**Data for this exercise**
---------------
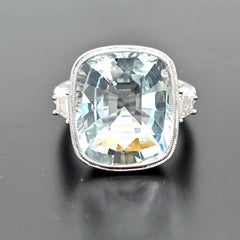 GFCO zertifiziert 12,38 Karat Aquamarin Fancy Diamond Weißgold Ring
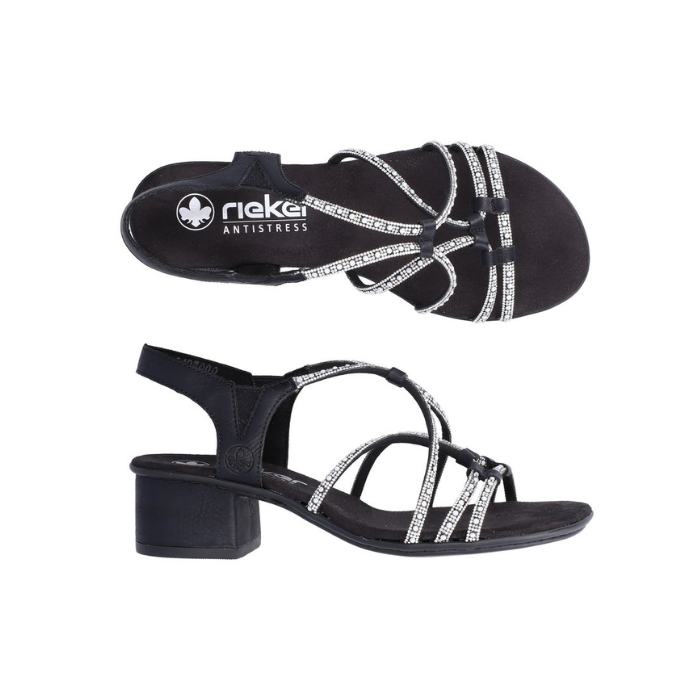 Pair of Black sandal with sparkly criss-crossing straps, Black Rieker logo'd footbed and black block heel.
---------------
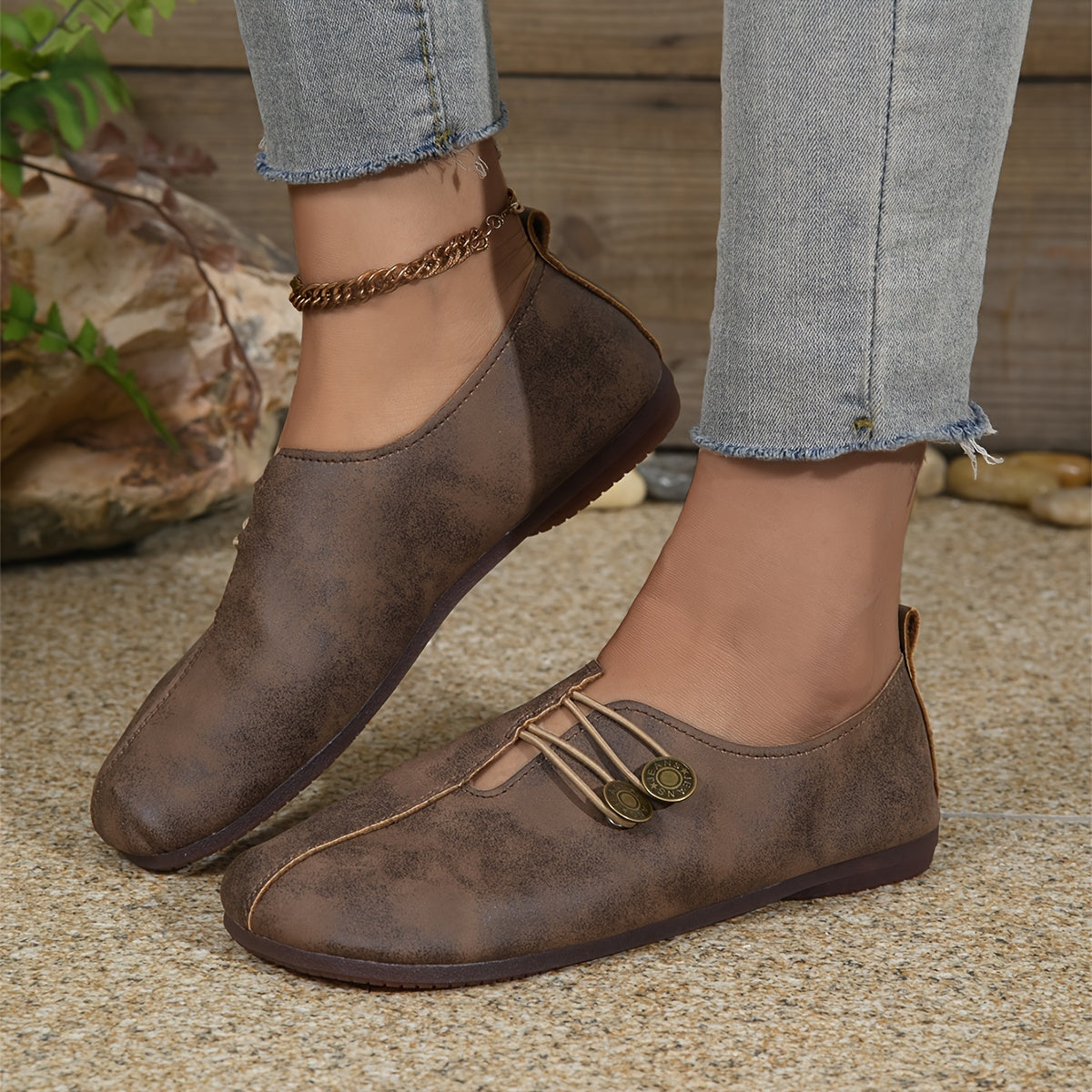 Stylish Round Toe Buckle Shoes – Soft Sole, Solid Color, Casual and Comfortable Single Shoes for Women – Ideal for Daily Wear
---------------
**Problem details**
Within the material above, find the part that opens with the line containing "GFCO zertifiziert 12,38" and closes with the line containing "Pair of Black", and reproduce it exactly without the pictures.

**Solution to this problem**
 GFCO zertifiziert 12,38 Karat Aquamarin Fancy Diamond Weißgold Ring
 Pair of Black sandal with sparkly criss-crossing straps, Black Rieker logo'd footbed and black block heel.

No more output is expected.